- TASK GOAL:
Every line with the string "Solid" should be copied from the data.

- RECORDS TO USE:
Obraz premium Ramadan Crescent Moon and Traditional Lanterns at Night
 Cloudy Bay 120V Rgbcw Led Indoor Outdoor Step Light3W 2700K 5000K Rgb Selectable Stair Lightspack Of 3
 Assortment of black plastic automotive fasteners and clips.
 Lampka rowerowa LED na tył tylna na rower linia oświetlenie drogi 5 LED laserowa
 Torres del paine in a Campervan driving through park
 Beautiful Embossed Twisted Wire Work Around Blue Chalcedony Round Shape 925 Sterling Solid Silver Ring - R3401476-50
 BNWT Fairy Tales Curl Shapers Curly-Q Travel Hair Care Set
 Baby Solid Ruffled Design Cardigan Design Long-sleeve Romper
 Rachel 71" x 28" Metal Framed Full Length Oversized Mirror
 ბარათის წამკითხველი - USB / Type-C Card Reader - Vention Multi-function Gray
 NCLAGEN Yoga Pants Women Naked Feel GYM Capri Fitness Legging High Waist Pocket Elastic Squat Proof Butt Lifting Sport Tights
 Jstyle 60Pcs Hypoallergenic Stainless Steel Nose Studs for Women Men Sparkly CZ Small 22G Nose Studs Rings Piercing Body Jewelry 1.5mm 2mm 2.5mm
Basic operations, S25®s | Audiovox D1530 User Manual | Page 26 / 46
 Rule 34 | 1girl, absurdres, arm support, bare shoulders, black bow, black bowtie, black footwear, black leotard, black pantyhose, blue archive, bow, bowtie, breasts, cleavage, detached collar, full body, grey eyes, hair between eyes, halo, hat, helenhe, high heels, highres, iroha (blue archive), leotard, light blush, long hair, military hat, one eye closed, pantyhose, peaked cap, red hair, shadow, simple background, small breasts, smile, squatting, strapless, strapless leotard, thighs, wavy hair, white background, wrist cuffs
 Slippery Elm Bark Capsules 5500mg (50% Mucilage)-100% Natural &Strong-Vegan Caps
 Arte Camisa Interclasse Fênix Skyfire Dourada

- TASK SOLUTION:
 Beautiful Embossed Twisted Wire Work Around Blue Chalcedony Round Shape 925 Sterling Solid Silver Ring - R3401476-50
 Baby Solid Ruffled Design Cardigan Design Long-sleeve Romper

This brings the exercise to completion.